05 April 2020

Notes from a pandemic: Not a time to jump into science communication

I’m seeing a few people bemoaning the lack of science outreach from professional scientists during this COVIC-19 pandemic. Efra Rivera-Serrano wrote:

Still amazes me that some principal investigators (PIs) and leaders can write whole pages on their grants proposing “outreach activities” but haven’t moved a finger to educate the public when it is mostly needed.

Jen Heemstra chimed in:

Science faculty, part of our job is teaching science. What better time than now to share our science knowledge with everyone? Even better, support students and postdocs who want to learn and participate in #SciComm!

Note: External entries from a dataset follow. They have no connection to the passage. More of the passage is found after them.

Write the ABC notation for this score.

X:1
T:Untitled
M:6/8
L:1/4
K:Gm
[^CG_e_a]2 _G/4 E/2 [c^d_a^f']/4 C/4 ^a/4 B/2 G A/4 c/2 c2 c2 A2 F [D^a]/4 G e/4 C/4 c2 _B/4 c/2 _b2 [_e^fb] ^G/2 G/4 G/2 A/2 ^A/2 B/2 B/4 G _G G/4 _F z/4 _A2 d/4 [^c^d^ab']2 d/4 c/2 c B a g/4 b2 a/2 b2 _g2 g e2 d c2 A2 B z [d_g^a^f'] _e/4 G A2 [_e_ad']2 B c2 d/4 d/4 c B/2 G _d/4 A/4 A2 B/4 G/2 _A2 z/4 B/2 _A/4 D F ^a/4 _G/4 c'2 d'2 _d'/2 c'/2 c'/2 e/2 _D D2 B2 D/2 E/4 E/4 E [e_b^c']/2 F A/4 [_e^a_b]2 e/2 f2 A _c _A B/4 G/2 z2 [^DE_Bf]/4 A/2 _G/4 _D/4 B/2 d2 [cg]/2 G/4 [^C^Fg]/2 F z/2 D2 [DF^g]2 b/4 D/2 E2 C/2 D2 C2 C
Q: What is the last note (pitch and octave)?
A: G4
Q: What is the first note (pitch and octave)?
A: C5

I love me some science communication, but I worry. Something we have seen repeatedly during this pandemic is that very smart people, but who are not experts or have any practical experience, in epidemiology, public health, or modelling, think they have something worthwhile to contribute. And they make some model or prediction or say something else that is badly flawed.

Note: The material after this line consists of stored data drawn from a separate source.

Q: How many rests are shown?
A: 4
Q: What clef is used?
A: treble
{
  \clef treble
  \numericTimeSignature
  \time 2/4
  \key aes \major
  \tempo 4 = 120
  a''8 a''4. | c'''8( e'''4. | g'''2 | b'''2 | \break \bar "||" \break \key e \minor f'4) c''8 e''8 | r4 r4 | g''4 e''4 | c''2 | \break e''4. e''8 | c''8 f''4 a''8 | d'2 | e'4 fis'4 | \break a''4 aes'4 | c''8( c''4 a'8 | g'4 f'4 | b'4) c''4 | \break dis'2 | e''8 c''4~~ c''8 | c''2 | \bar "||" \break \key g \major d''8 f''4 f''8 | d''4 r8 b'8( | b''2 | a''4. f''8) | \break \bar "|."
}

As a personal example, I was in a meeting Friday where one of my colleagues opined that COVID-19 probably wouldn’t too bad in South Texas because of our geographic isolation. That wasn’t a crazy thing to say, but it was said, perhaps, from a limited point of view. An article the next day indicated that was not a good prediction. Culture matters.

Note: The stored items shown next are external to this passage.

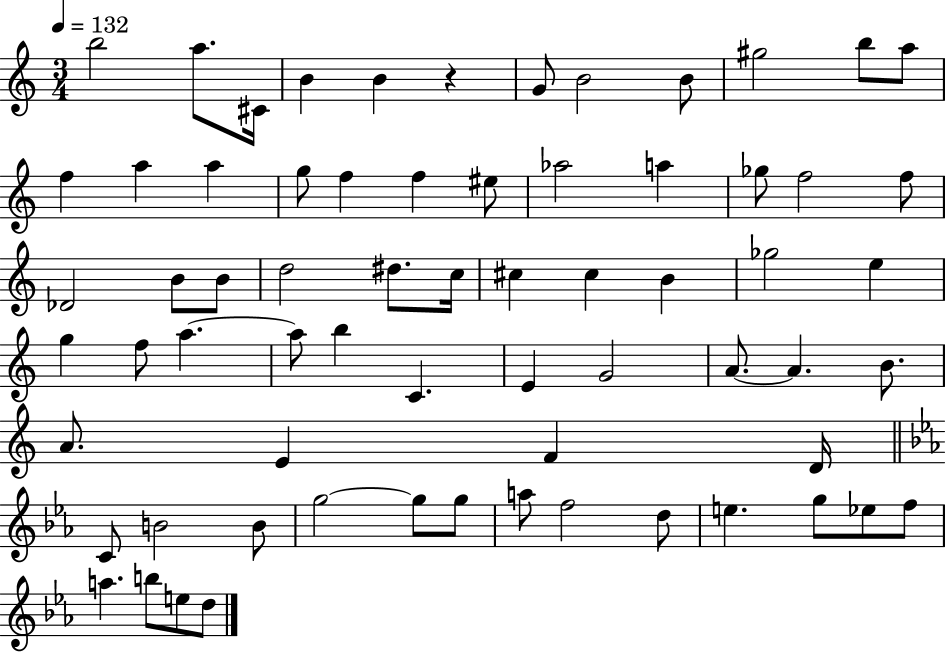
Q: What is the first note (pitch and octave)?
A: B5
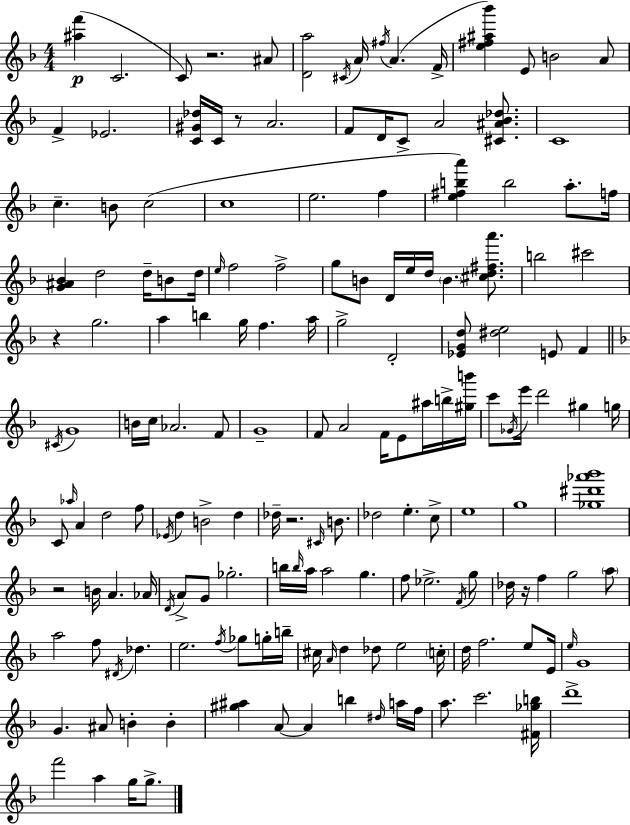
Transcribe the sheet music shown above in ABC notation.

X:1
T:Untitled
M:4/4
L:1/4
K:Dm
[^af'] C2 C/2 z2 ^A/2 [Da]2 ^C/4 A/4 ^f/4 A F/4 [e^f^a_b'] E/2 B2 A/2 F _E2 [C^G_d]/4 C/4 z/2 A2 F/2 D/4 C/2 A2 [^C^A_B_d]/2 C4 c B/2 c2 c4 e2 f [e^fba'] b2 a/2 f/4 [G^A_B] d2 d/4 B/2 d/4 e/4 f2 f2 g/2 B/2 D/4 e/4 d/4 B [^cd^fa']/2 b2 ^c'2 z g2 a b g/4 f a/4 g2 D2 [_EGd]/2 [^de]2 E/2 F ^C/4 G4 B/4 c/4 _A2 F/2 G4 F/2 A2 F/4 E/2 ^a/4 b/4 [^gb']/4 c'/2 _G/4 e'/4 d'2 ^g g/4 C/2 _a/4 A d2 f/2 _E/4 d B2 d _d/4 z2 ^C/4 B/2 _d2 e c/2 e4 g4 [_g^d'_a'_b']4 z2 B/4 A _A/4 D/4 A/2 G/2 _g2 b/4 b/4 a/4 a2 g f/2 _e2 F/4 g/2 _d/4 z/4 f g2 a/2 a2 f/2 ^D/4 _d e2 f/4 _g/2 g/4 b/4 ^c/4 A/4 d _d/2 e2 c/4 d/4 f2 e/2 E/4 e/4 G4 G ^A/2 B B [^g^a] A/2 A b ^d/4 a/4 f/4 a/2 c'2 [^F_gb]/4 d'4 f'2 a g/4 g/2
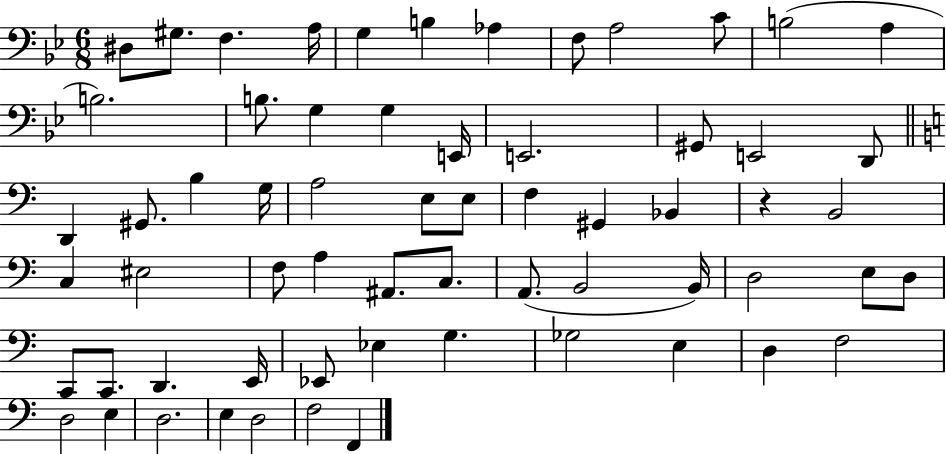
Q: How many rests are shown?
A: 1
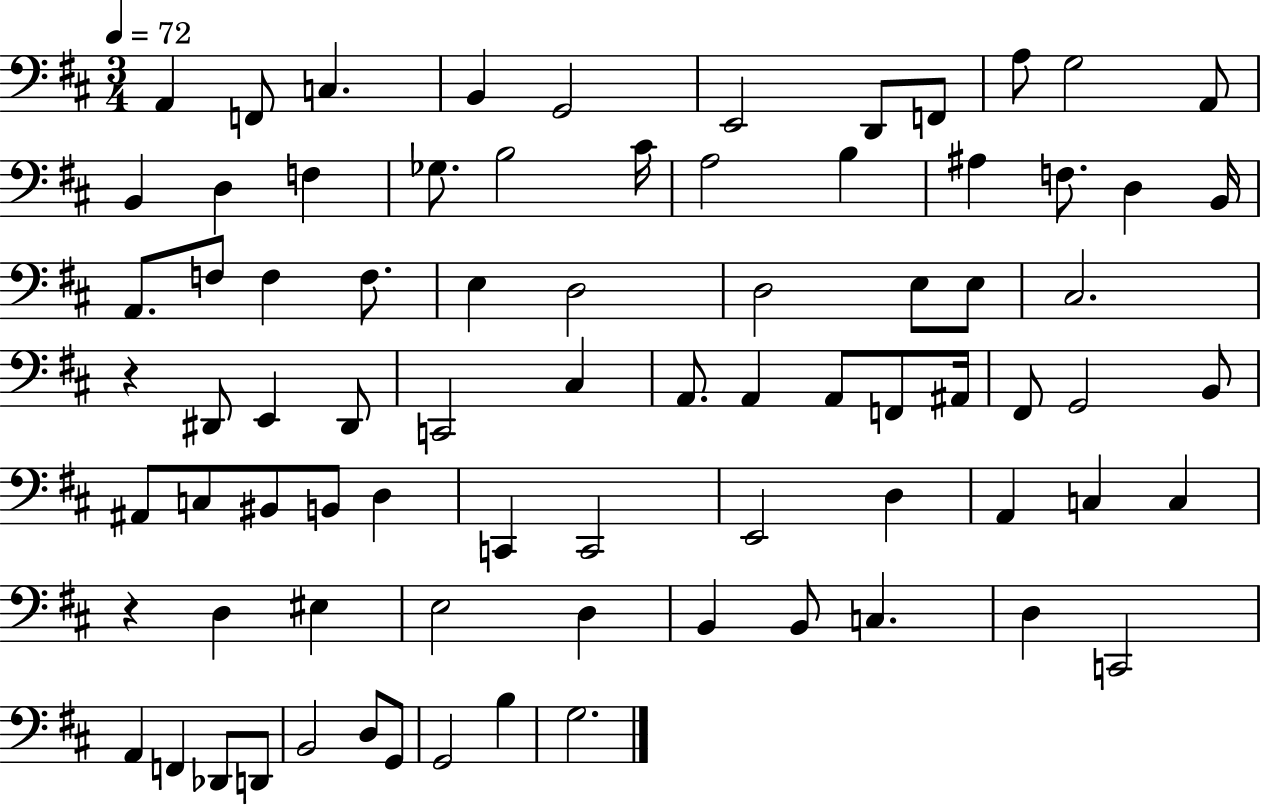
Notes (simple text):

A2/q F2/e C3/q. B2/q G2/h E2/h D2/e F2/e A3/e G3/h A2/e B2/q D3/q F3/q Gb3/e. B3/h C#4/s A3/h B3/q A#3/q F3/e. D3/q B2/s A2/e. F3/e F3/q F3/e. E3/q D3/h D3/h E3/e E3/e C#3/h. R/q D#2/e E2/q D#2/e C2/h C#3/q A2/e. A2/q A2/e F2/e A#2/s F#2/e G2/h B2/e A#2/e C3/e BIS2/e B2/e D3/q C2/q C2/h E2/h D3/q A2/q C3/q C3/q R/q D3/q EIS3/q E3/h D3/q B2/q B2/e C3/q. D3/q C2/h A2/q F2/q Db2/e D2/e B2/h D3/e G2/e G2/h B3/q G3/h.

(Local health authorities) have begun to notice something else particular to South Texas: strong family ties are exacerbating the virus’ spread.

“We have large households and these large households, they like to visit with other members of their family,” (Dr. Emily Prot, regional medical director of the Texas Department of State Health Services’ Region 11) said.

That needs to stop, she explained.

“We need to really avoid that and stay within one single household. So, no visiting tias, tios. No visiting the mother-in-law. That has to stop. We’re seeing too much spread right now within those family groups,” Prot said.

Prot hammered home the point, adding, “Those interactions are leading to more spread and we’re seeing that at a regional level.”

The Valley as a whole is at higher risk for seeing patients needing acute critical care, or who experience serious complications from the virus, Prot said.

“Well, we have more rates of diabetes in our region, and most of them (deaths caused by COVID-19) are due to older age, but we also had in Laredo, one of the deaths was in his 40s,” she said.

We need people with relevant expertise to provide that information. But I am deeply worried about people deciding, “I need to do science communication!” when do not have the relevant expertise, are unpracticed or untrained in communication (or both).

I would like all scientists, especially science communication novices, if their planned science communication in the time of COVID-19 passes the Craig Ferguson test for science communication.

Does this need to be said?  Does this need to be said by me?  Does this need to be said by me now?

The three things you must always ask yourself before you say anything:
Does this need to be said?
Does this need to be said by me?
Does this need to be said by me now?
Three fuckin’ marriages it took me to learn that.

(From Does This Need to Be Said? Epix, 2011)

Or, as I put it when I was curating the @IAmSciComm account, “When it's not your area of expertise, shut the hell up.”